▶ **ASSIGNMENT**:
Taking the line that contains "Resident cats at" as the first, copy exactly every line through the last line of the records, and nothing else.

(THE INPUT begins)

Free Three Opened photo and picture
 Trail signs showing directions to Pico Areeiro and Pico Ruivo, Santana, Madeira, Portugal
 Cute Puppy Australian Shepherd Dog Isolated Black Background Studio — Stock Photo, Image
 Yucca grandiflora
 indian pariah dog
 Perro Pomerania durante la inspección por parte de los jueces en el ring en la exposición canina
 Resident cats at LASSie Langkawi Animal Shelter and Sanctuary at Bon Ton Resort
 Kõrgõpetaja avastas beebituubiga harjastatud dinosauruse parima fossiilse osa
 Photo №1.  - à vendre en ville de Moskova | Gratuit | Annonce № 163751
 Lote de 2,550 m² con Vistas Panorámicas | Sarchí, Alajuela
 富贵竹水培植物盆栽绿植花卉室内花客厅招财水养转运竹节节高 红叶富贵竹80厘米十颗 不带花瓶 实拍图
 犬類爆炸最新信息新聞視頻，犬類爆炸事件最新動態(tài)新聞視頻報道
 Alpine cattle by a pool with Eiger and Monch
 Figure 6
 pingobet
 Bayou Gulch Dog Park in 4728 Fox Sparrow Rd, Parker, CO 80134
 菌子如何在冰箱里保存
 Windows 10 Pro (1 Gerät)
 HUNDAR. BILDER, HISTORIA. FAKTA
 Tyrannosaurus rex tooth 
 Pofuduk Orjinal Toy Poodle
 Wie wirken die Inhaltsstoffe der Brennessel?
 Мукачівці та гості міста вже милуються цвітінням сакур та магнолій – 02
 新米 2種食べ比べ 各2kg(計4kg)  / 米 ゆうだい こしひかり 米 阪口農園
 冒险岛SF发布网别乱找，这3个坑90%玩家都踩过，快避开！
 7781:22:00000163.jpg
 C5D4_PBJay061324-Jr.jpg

(THE INPUT ends)

▶ **SOLUTION FOR THIS TASK**:
 Resident cats at LASSie Langkawi Animal Shelter and Sanctuary at Bon Ton Resort
 Kõrgõpetaja avastas beebituubiga harjastatud dinosauruse parima fossiilse osa
 Photo №1.  - à vendre en ville de Moskova | Gratuit | Annonce № 163751
 Lote de 2,550 m² con Vistas Panorámicas | Sarchí, Alajuela
 富贵竹水培植物盆栽绿植花卉室内花客厅招财水养转运竹节节高 红叶富贵竹80厘米十颗 不带花瓶 实拍图
 犬類爆炸最新信息新聞視頻，犬類爆炸事件最新動態(tài)新聞視頻報道
 Alpine cattle by a pool with Eiger and Monch
 Figure 6
 pingobet
 Bayou Gulch Dog Park in 4728 Fox Sparrow Rd, Parker, CO 80134
 菌子如何在冰箱里保存
 Windows 10 Pro (1 Gerät)
 HUNDAR. BILDER, HISTORIA. FAKTA
 Tyrannosaurus rex tooth 
 Pofuduk Orjinal Toy Poodle
 Wie wirken die Inhaltsstoffe der Brennessel?
 Мукачівці та гості міста вже милуються цвітінням сакур та магнолій – 02
 新米 2種食べ比べ 各2kg(計4kg)  / 米 ゆうだい こしひかり 米 阪口農園
 冒险岛SF发布网别乱找，这3个坑90%玩家都踩过，快避开！
 7781:22:00000163.jpg
 C5D4_PBJay061324-Jr.jpg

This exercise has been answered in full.